**Exercise objective**
Quote all of the data that follows exactly as written, skipping the images.

**Provided material**
========
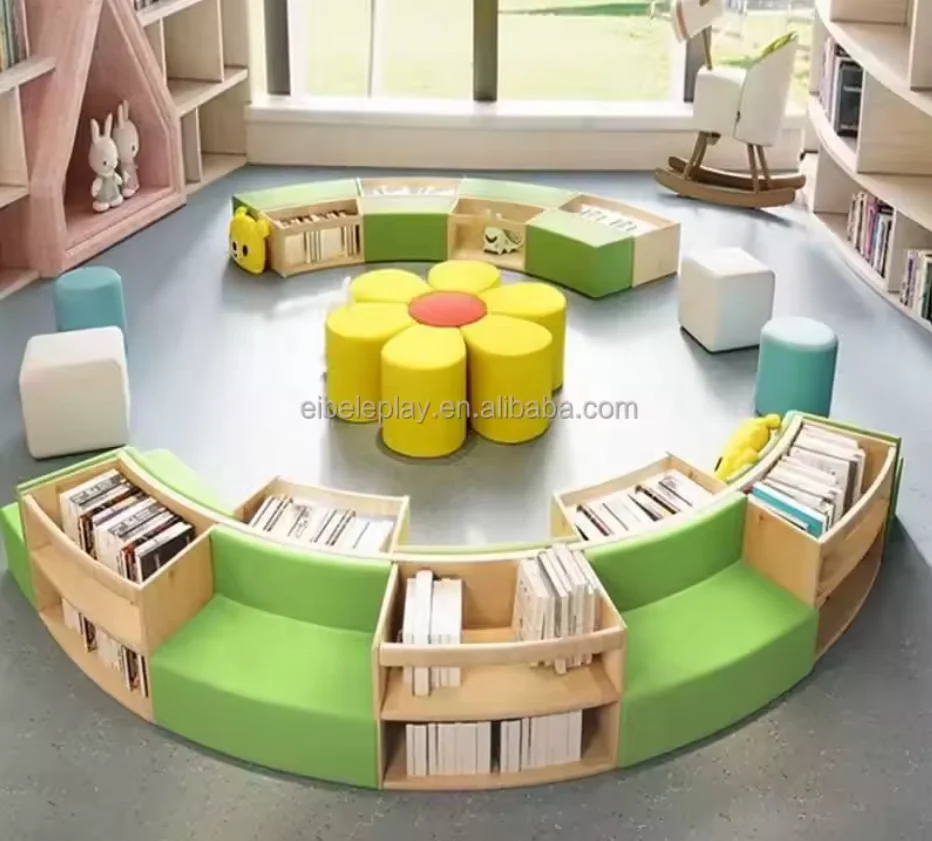 Eibele Kindertagessttte Geschwungenes Sofa-Sitzregal Kreatives  Holz-Bcherregal fr Kinderbibliothek und Leseraum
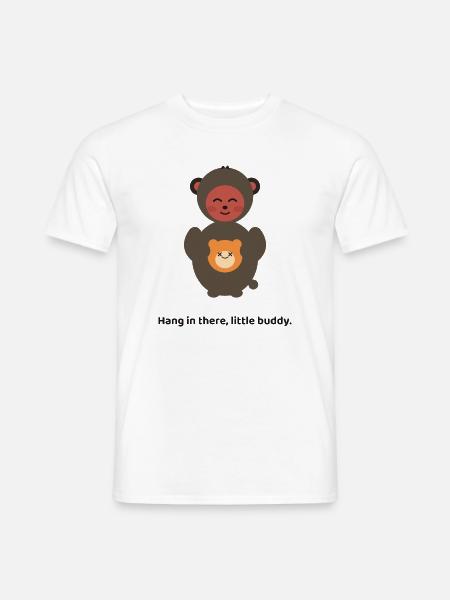 Süßes Punch the Monkey virales Meme-T-Shirt - Männer T-Shirt - Weiß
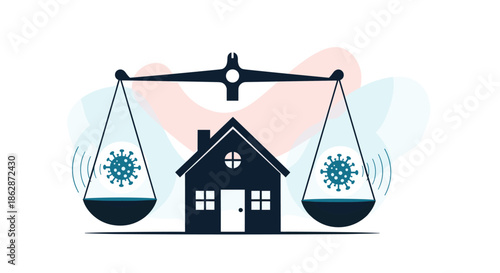 Balance scale weighing a residential house against two virus particles emphasizes the health priority of staying at home.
========
**The completed task**
 Eibele Kindertagessttte Geschwungenes Sofa-Sitzregal Kreatives  Holz-Bcherregal fr Kinderbibliothek und Leseraum
 Süßes Punch the Monkey virales Meme-T-Shirt - Männer T-Shirt - Weiß
 Balance scale weighing a residential house against two virus particles emphasizes the health priority of staying at home.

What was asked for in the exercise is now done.